Fedicache

There’s a well-known design flaw in Mastodon where links included in posts are “unfurled”—that is, Mastodon will visit the link and fetch the page metadata (title, description, a preview image, etc.). That’s fine, but the flawed part is that despite posts being federated, the fetched link metadata is not, which means that every server that receives a copy of a post with a link is going to make its own individual request for that same metadata.

A post from someone with a lot of followers, or one that’s boosted quite a bit, can result in thousands of separate requests for the same data from different Mastodon servers. And these requests are all placed within seconds of one another (because federation is very efficient). The phenomenon is called the Mastodon Stampede, which is cute, but it doesn’t feel very cute when your site gets knocked down by a thousand servers that are banging away on it for no other reason than to grab a little optional information about a link.

The issue has been discussed at length, with some people claiming that the Mastodon Stampede is effectively a DDoS attack against small websites, while others wave away any concerns with a “just use a proper cache on your server, bro.”

Ideally, the originating server would fetch the page metadata and federate it along with the rest of the post. Problem solved. I’ve heard that the current design is intentional and is supposed to prevent any tampering with the page metadata, but that seems silly given that a bad actor could just post a malicious link that already comes with its own fake metadata anyway.

But, whatever. Mastodon behaves the way it behaves, so we have to deal with it—but we can deal with it far more efficiently, I think. The act of fetching OpenGraph or other page metadata requires fetching the entire page by design. In a perfect world we’d have some other slick way to request and serve page metadata requests without serving the entire page (kind of like an HTTP HEAD request, but for <head> content instead of HTTP headers), but nothing like that exists.

So, let’s make it!

Since we can identify Mastodon and other compatible ActivityPub implementations by their User-Agent headers, we can handle their requests uniquely.
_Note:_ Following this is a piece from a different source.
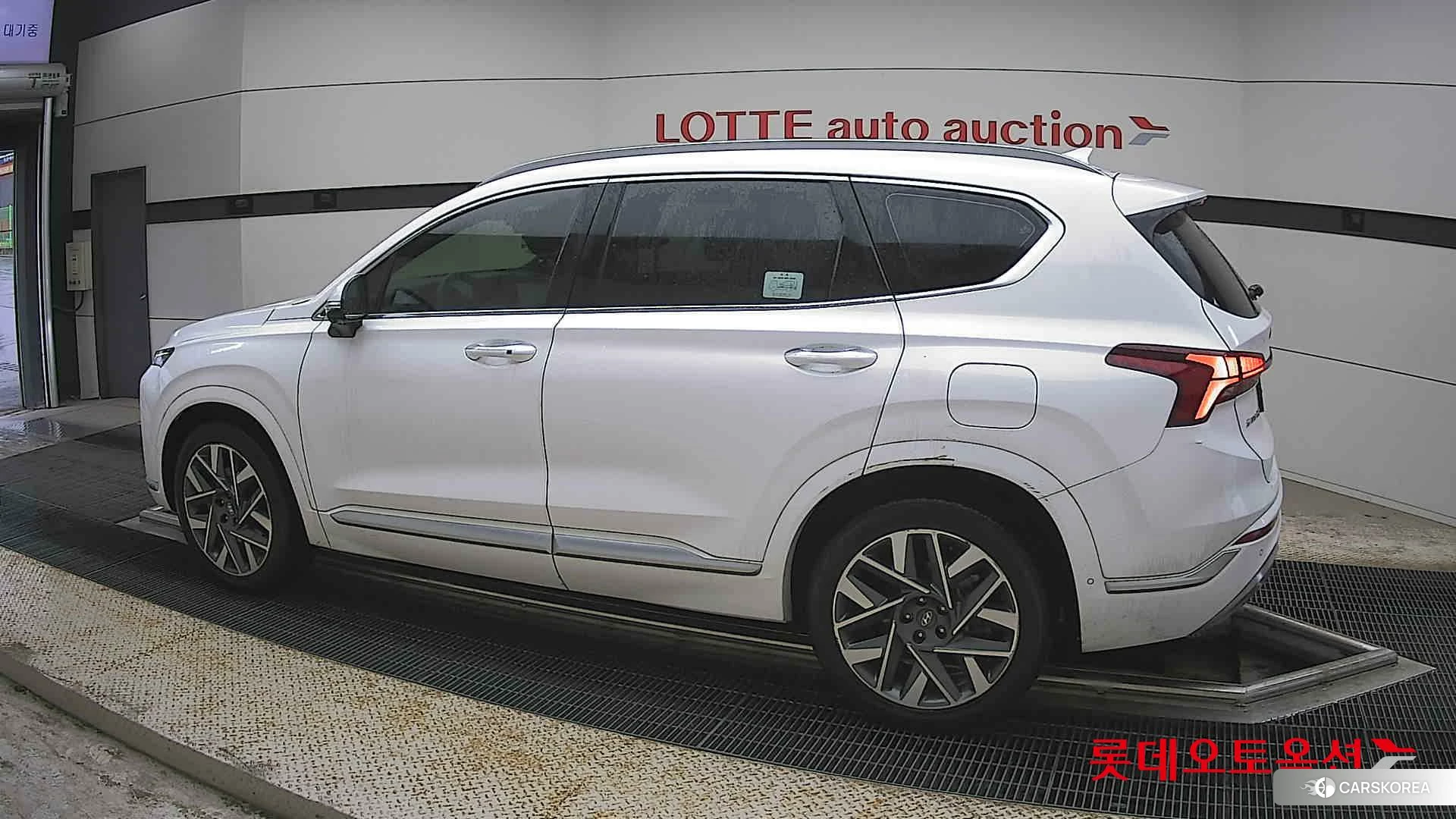 Hyundai Santa Fe 2021 Белый из Кореи, фото 2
The omg.lol web server runs Caddy, so here’s how I do that in Caddy:

@fedi {
  header_regexp User-Agent (Mastodon|Pleroma|Akkoma|Misskey|Firefish|gotosocial)
}

handle @fedi {
  root * /path/to/fedicache
  php_fastcgi unix//run/php/php8.2-fpm.sock {
    index.php
  }
}

This takes any request from an ActivityPub server and sends it to my Fedicache script, which looks like this:

<?php

// Fedicache

$path = '/path/to/your/fedicache/cache/';
$user_agent = 'your-user-agent';

$url = 'https://'.$_SERVER['SERVER_NAME'].$_SERVER['REQUEST_URI'];
$hash = md5($url);

if(!file_exists($path.$hash)) {
  $options = array(
    'http' => array(
      'method' => "GET",
      'header' => "User-Agent: $user_agent\r\n"
    )
  );
  $context = stream_context_create($options);
  $data = file_get_contents($url, false, $context);
  $rel_me = "\n";
  preg_match_all('/<a\s+[^>]*rel\s*=\s*["\']?me["\']?[^>]*>(.*?)<\/a>/is', $data, $matches);
  if(!empty($matches[0])) {
    foreach ($matches[0] as $tag) {
      $rel_me .= $tag."\n";
    }
  }
  file_put_contents($path.$hash, substr($data, 0, strpos($data, '</head>'))."</head>\n<body>".$rel_me."</body>\n</html>\n");
}

$size = filesize($path.$hash);

$log = time()."\t".$_SERVER['REMOTE_ADDR']."\t".$_SERVER['HTTP_USER_AGENT']."\t".$url."\t".$size."\n";
file_put_contents('/var/www/html/fedicache/log/'.date("Y-m-d"), $log, FILE_APPEND);

header("Fedicache: Active");
echo file_get_contents($path.$hash);

Here’s what’s happening in that script:

We take the URL that’s being requested and hash it. This gives us a string which is unique to the requested URL.
We then check the cache directory to see if there’s a file there named with that hash.
If there isn’t, we fetch the page and do two things: find any links with a rel="me" attribute (since Mastodon uses these for profile link verification), and strip everything after the closing </head> tag (because we don’t need any other page content). We save this slimmed down page to our cache directory with the hash name.
We log the request and serve the slimmed down page data from the cache.

The last part of the setup is a cron job that purges the cache directory every hour.

Overall, this approach is far more efficient than standard caching, since we’re storing (and serving) only those parts of the page that Mastodon needs. Since we’re going to be serving that content routinely to thousands of Mastodon servers (all day every day!), the efficiency here really adds up over time.

In the code above, the logging step is optional, but I’ve done it so I can keep an eye on just how much activity and bandwidth is devoted to Mastodon’s inefficient link fetching process. I set this up on the omg.lol server less than 24 hours ago from when I’m writing this blog post, and as of now there have been over 33,000 requests and 227 MB of data transferred. I’ve set up a public page to view these stats, in case you want to check in and see how things are going.